Remove any ropes and aluminum
Method 2 of 4: Remove the Fork
Step 1. Dig the skin from the end of the neck attached to the chest
This way you will see the meat and you can remove the fork.
Step 2. Dig into the cavity with your fingers to feel the V-shaped bone
Once you've found it, cut around as much as possible.
Step 3. Grab it carefully, taking it off
Try to avoid damaging the meat or breaking the fork.
Step 4. Let it dry for a few days then use it to make a wish
Two people must each hold one end while making a wish in silence. They then have to pull and whoever has the longest part left, the wish will be granted.
According to other traditions, whoever stays with the shorter piece will be the first to get married
Method 3 of 4: Cut the Thighs
Step 1. Cut the thighs
Cut along the turkey's hip with the knife, separating the thigh slightly from the body. Remove it completely once you see where it separates.
The joint should pop off smoothly. If not, it can be cut with a knife. Don't be afraid to use a little force
Step 2. Remove as much meat as you can
Cut close to the body, especially near the turkey's back. Find that spherical shape at the base of the back called an oyster. It is a delicious bite!
Step 3. Cut the thigh
An easy way to find the joint is to feel it with your fingers. It should come off easily.
Step 4. Slice the thigh meat by holding it firmly against the cutter with a fork
Cut slices parallel to the bone. This task must be assigned to someone while you proceed with the rest of the turkey.

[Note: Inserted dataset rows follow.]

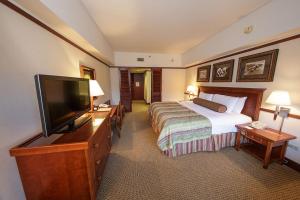 a hotel room with a bed and a flat screen tv at Alyeska Resort in Girdwood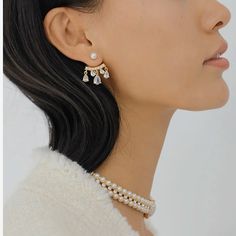 The Elizabeth Pear Earrings feature two glamorous pearls framed in a classic design. Perfect for any occasion, these earrings provide an elegant, delicate look perfect for a wedding or a night out. Expertly crafted, they will add a touch of sophistication to any ensemble. To keep your jewellery in the best condition, we recommend giving it a good care over time. By using a soft, lint-free jewellery cloth, you can remove blemishes that result from body oils, perfumes and lotions. Also remember try not to expose your jewellery in the open air. Our branded dusty bag or your jewellery box will keep them last longer. If you go to gym or spa, remember to take them off, because water or sweat will also damage them. Luxury White Jhumkas With Pearl Drop, Evening Yellow Gold Pearl Earrings With Pearl Charm, Classic 14k Gold-filled Pearl Earrings, Go To Gym, Luxury Gold-tone Pearl Drop Earrings, Pearl-embellished Cubic Zirconia Drop Earrings, Luxury Pearl Drop Gold-tone Earrings, Blemish Remover, Pear Earrings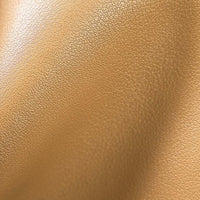 Closeup of tan faux leather texture with subtle grain and soft creases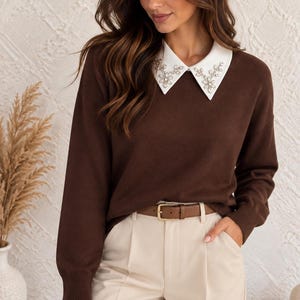 Könnte beinhalten: Ein langärmeliger dunkelbrauner Pullover mit einem weißen spitzen Kragen, der mit klaren blumenförmigen Kristallen verziert ist. Der Pullover wird mit einer beigen Hose und einem dünnen braunen Ledergürtel mit goldener Schnalle kombiniert.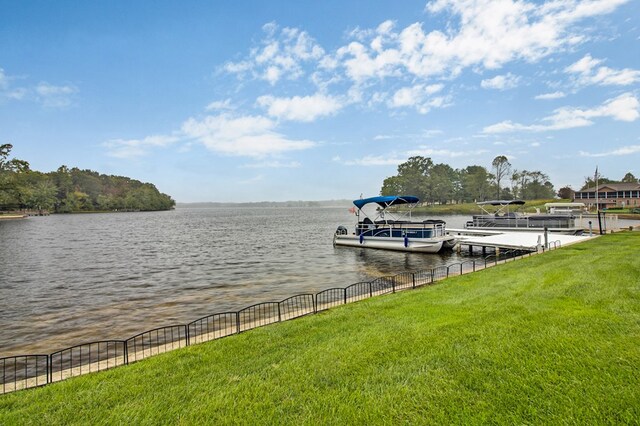 view of dock featuring a yard and a water view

Repeat with the other leg. On a serving plate, you will need to put the sections together so that everyone can get the one they like best
Method 4 of 4: Cut the Chest
Step 1. Cut the bird along the chest skeleton
Use it as a guide for the knife. You'll have two large torso sections filled with succulent meat.

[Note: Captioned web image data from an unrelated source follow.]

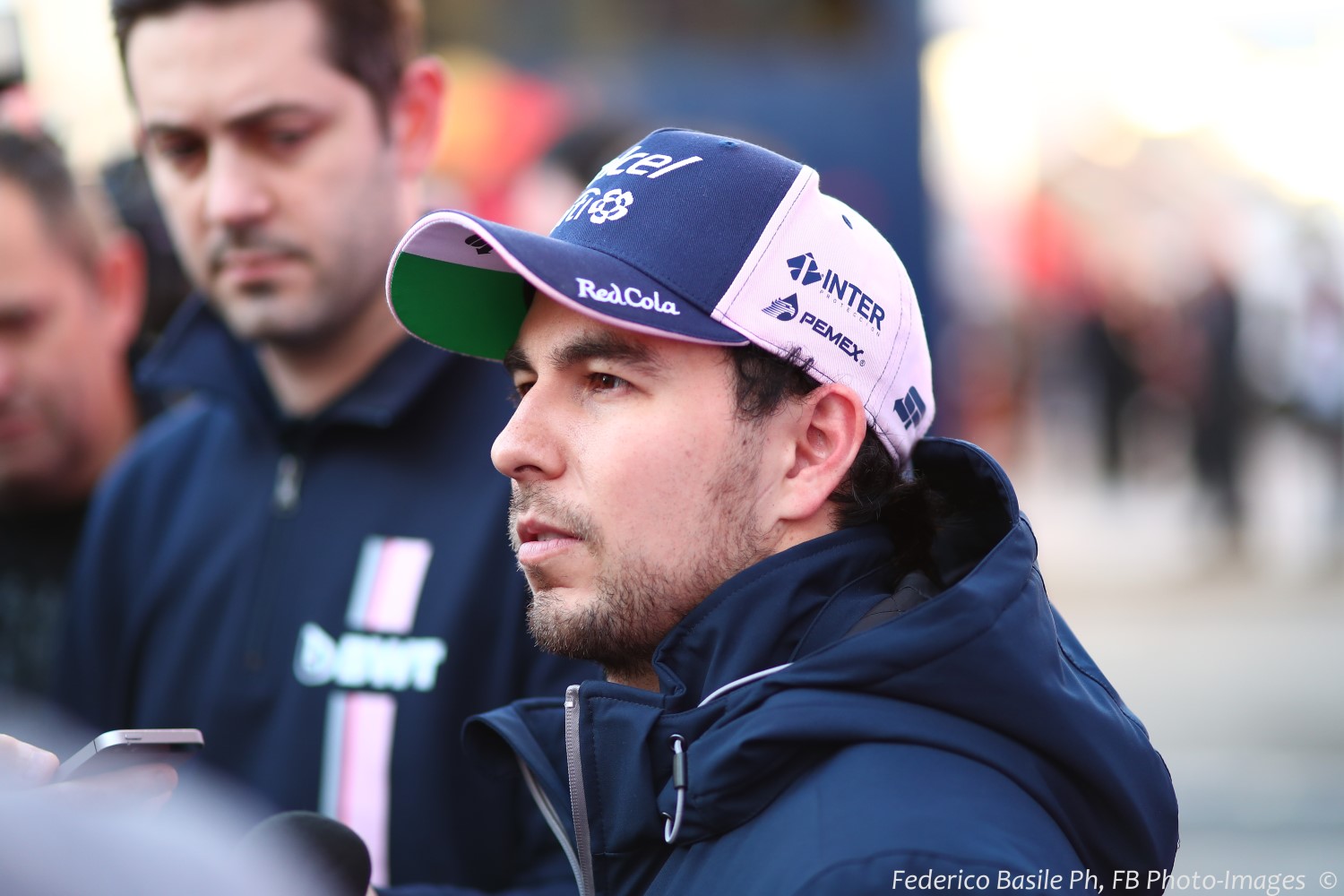 Sergio Perez talking to reporters in Barcelona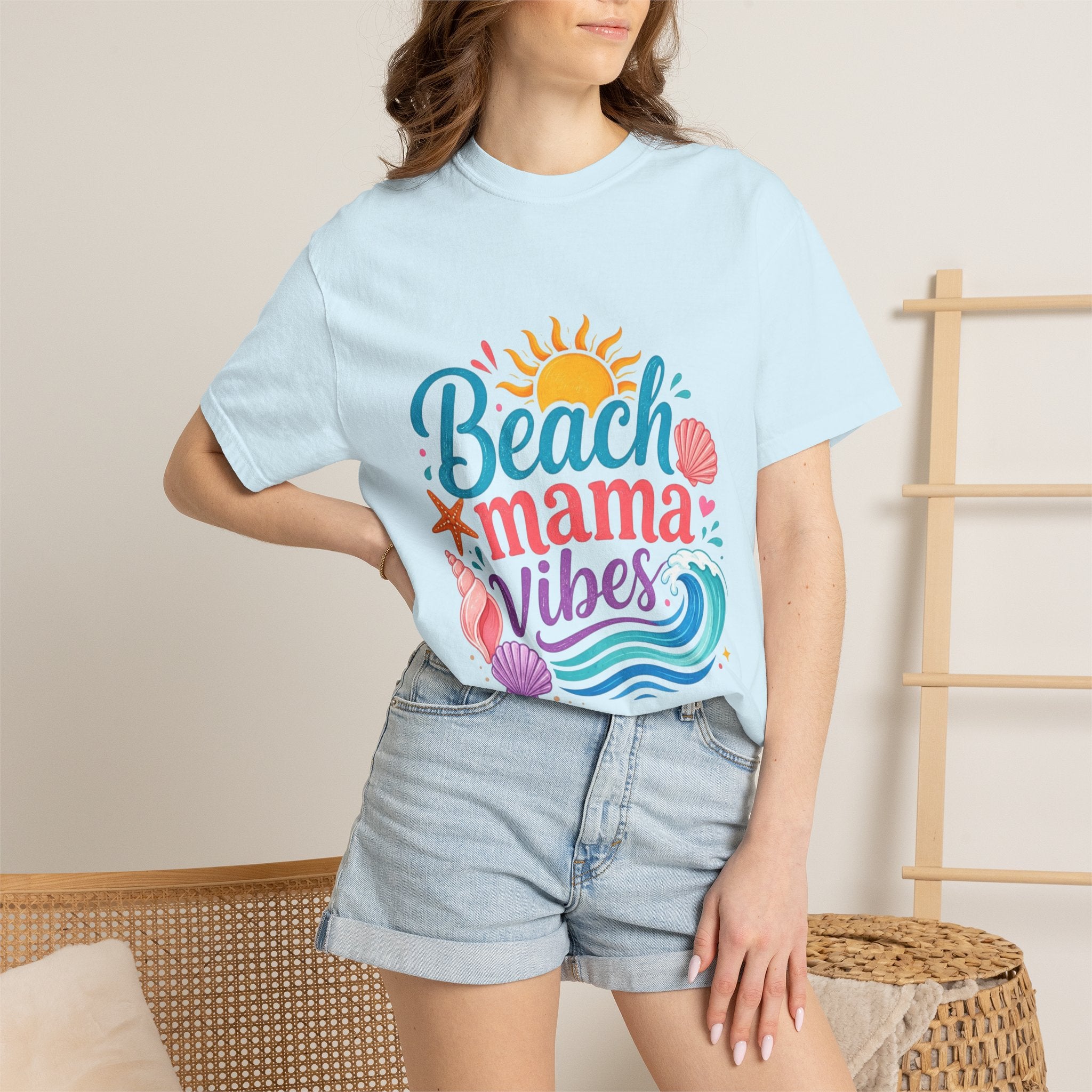 Woman wearing Beach Mama T-Shirt — Women's Coastal Mom Tee with vibrant design and casual shorts.
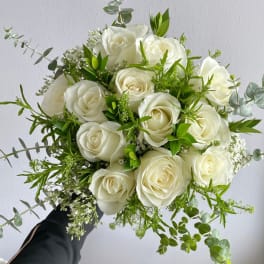 White rose bouquet with green foliage and eucalyptus
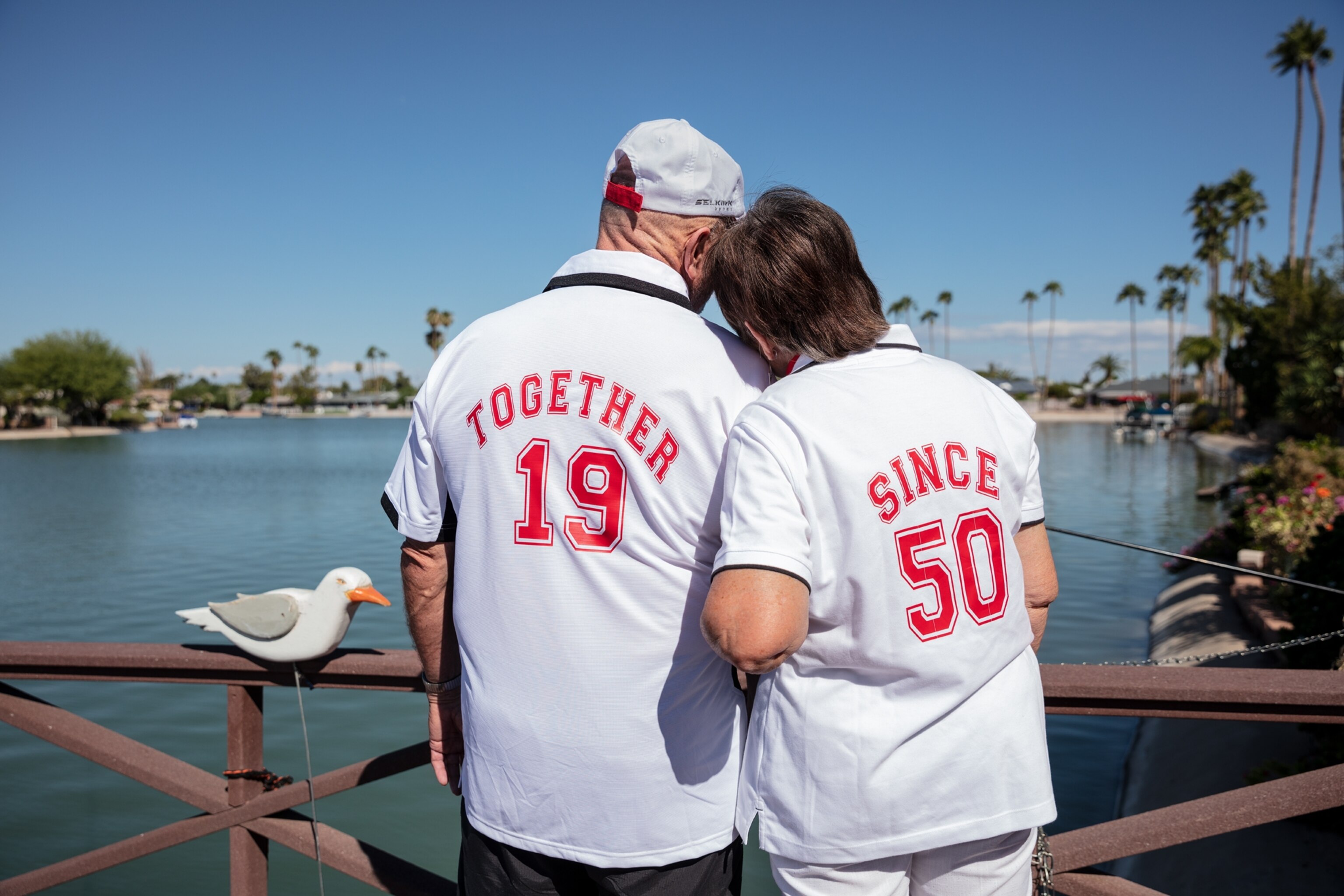 Picture of view from behind at a couple in white t-shirts with printed "Together since 1950" on the backs.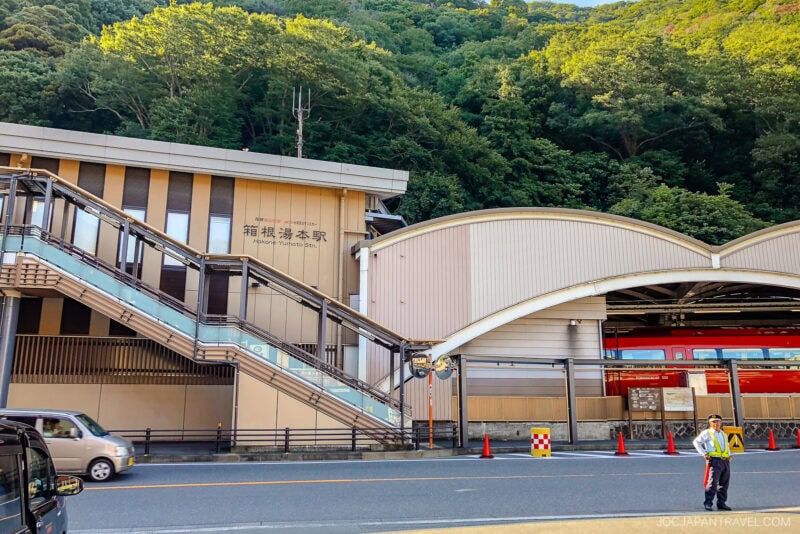 A train station with modern architecture sits at the base of a green hillside. A red train, accessible with the Hakone Freepass, is visible inside, and a uniformed staff member stands near the road in front of the station.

Step 2. Angola the knife and cut the meat off the carcass
This will remove the wing joint. At this point the meat will be detached.
The chest should come off the body easily and be soft and moist. Repeat for the other side
Step 3. Cut the wing tips off the chest
Unless you want to make a stew, you won't need them.
Step 4. Slice the leftover meat on the cutter
The thicker the slices, the longer the meat will stay hot. If you make them thin, don't wait and serve them immediately.
Finally, don't forget to remove the filling to serve next to the meat. Call someone to help you with the dishes to speed things up - the faster you get the hotter the turkey will stay
Advice
- This cutting method can also be used with chicken. The duck, on the other hand, requires a different one due to its more structured flesh and elongated breast.
- Cut only what you need. For a second round, cut to request. The meat will keep better if intact.
- Removing the fork makes it easier to cut the rest of the meat.
- Instead of cutting along the skeleton of the chest, some prefer to make horizontal cuts parallel and close to the wings (basic cut). Cut towards the ribs. Then cut down (vertically) to make thin, single slices that fall off the turkey as soon as you get to the base. Often this technique is called "traditional" and makes the presentation better.
- Don't throw away the bones. You can recycle them to make great turkey soup.
Warnings
- Do not give poultry bones to animals. They are crumbly and could cause them digestive problems.
- Always cut in the joints and not on the bones.
- Always wash your hands and dry them before cutting or putting on gloves.